While the above primarily rely on optimizing against a 2D text-image model and do not utilize 3D data, alternative methods for conditional 3D object generation incorporate 3D data, sometimes in conjunction with text labels. [72] leverages paired text-3D data to generate models in a joint representation space. [35] employs a flow-based model to generate 3D latent representations, and find some text-to-3D capabilities when conditioning their model on CLIP embeddings. [73] and [74] employ a VQ-VAE with an autoregressive prior to sample 3D shapes conditioned on text labels. SDFusion [31] utilizes an encoder-decoder structure to compress 3D shapes into a compact latent representation, which is then used to train a diffusion model for text-to-3D generation. While many of these works demonstrate promising early results, they tend to be limited to simple prompts or a narrow set of object categories due to the limited availability of 3D training data. Point-E [47] solves this problem by building a large-scale text 3D dataset. However, the datasets are not open source.

Alternatively, some methods  [76; 47]use a pre-trained text-to-image model to condition their 3D object generation procedure with images. However, since most datasets lack image data, researchers are left with the task of rendering each dataset individually, which is a time-consuming and resource-intensive process. In addition to text-conditioning, existing methods also employ image-conditioning as an alternative approach. However, they face similar challenges as mentioned above.

2.2 3D Object Datasets

Many widely-used 3D datasets prefer to collect synthetic CAD models from online repositories [48; 49; 50; 51; 34]. Shapenet[48] stands out as the prevalent dataset. It covers 55 common object categories with about 51,300 unique 3D models. Every object in this dataset is precisely rendered as a 3D mesh, thereby imparting meticulous geometric information. Moreover, a "name" field supplements each 3D model, carrying rich metadata associated with it. Objaverse [34] is an extensive dataset comprising over 800K 3D models accompanied by descriptive captions, tags, and animations. It surpasses existing 3D repositories in terms of its scale, the number of categories, and the visual variety of instances within each category. However, the majority of objects lack appropriate text information. Each object in the dataset is represented in GLB format, posing a challenge for users in directly leveraging the 3D data. Another line of works [52; 53; 54; 54; 55; 56; 57; 59; 60; 62; 61] advocate real 3D objects in limited scale. MVImgNet [60] is a recent medium-sized dataset of multi-view images, which is highly convenient to gain by shooting videos of real-world objects in human daily life. It contains 6.5 million frames from 219,188 videos crossing objects from 238 classes, with rich annotations of object masks, camera parameters, and point clouds.
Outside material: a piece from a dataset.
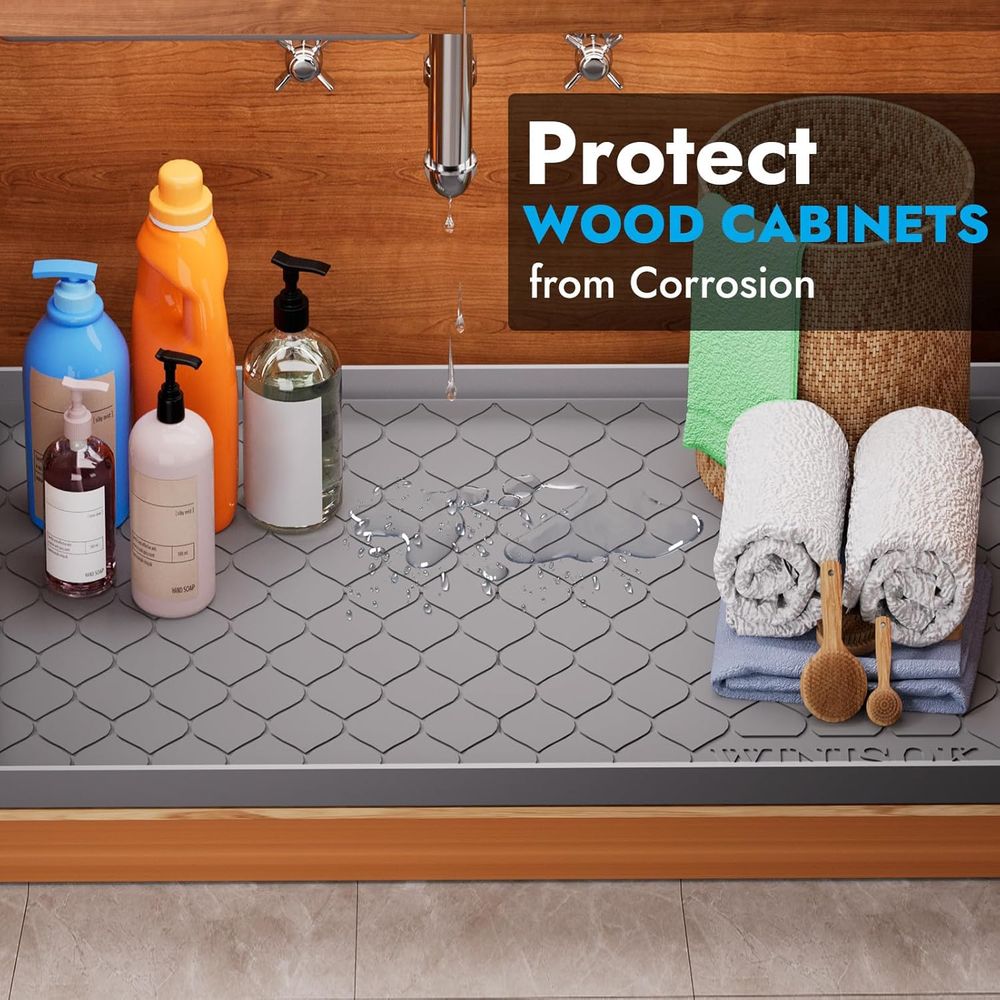 Silicone Under Sink Mat 34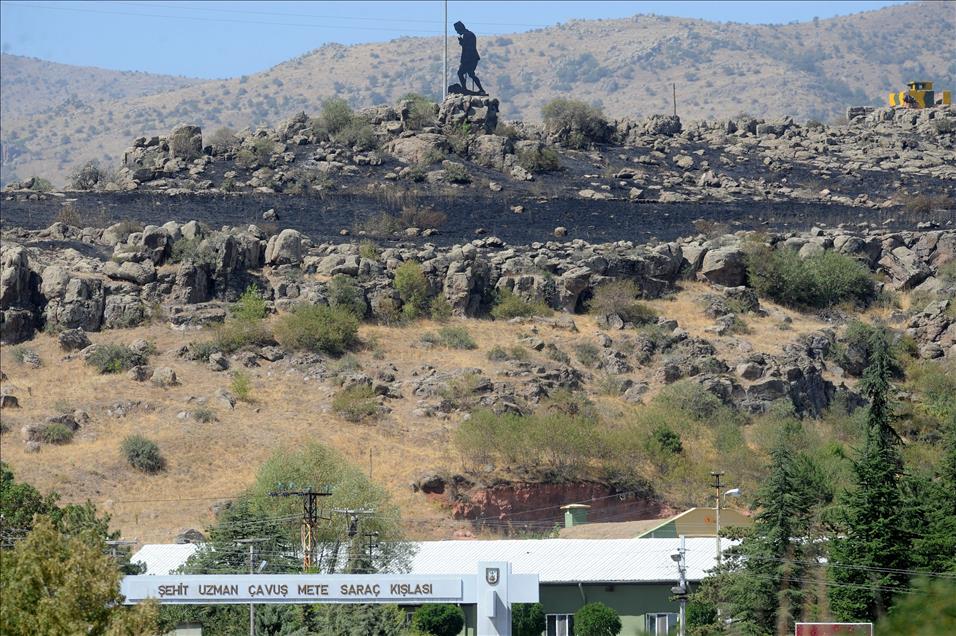 AFYONKARAHISAR'DAKI PATLAMA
As previously discussed, the current state of 3D object generation techniques is hindered by various factors that limit their quality. These factors include deficiencies in text quality, limited availability of 2D-rendered data, and dataset scale. Apart from the dataset scale, these limitations manifest in two ways. Firstly, available text information is often imprecise and lacking in detail, providing only broad categories or incomplete descriptions that have limited correlation with actual models. Additionally, existing datasets typically lack the essential data formats required for 3D object generation tasks, such as multi-view 2D rendered images, 3D point clouds, and multi-view meshes. For example, Shapenet [48] only provides raw meshes, while Objaverse [34] exclusively offers raw 3D models in GLB format.

3 The UniG3D Dataset

Table 1: The statistical information of the four representations in two UniG3D datasets.
Dataset Mesh PCL Image Text
UniG3D-Shapenet 500K 50K 1 million 50K
UniG3D-Objaverse 5 million 500K 10 million 500K

In this section, we describe the data transformation process of UniG3D. The raw 3D data and related text information are gathered from two 3D datasets, specifically chosen among various datasets based on their scale and significance. The first dataset is Shapenet [48], a classic dataset that has around 50K+ 3D objects with 55 annotated categories. The second one is Objaverse [34], the large-scale 3D dataset. It has approximately 800K 3D objects, but the category of most objects is unknown. We describe the transformation pipeline of different representations in more detail in the following. As shown in Fig.1, we convert each 3D model to four representations, which are mesh, image, point cloud, and rich text information.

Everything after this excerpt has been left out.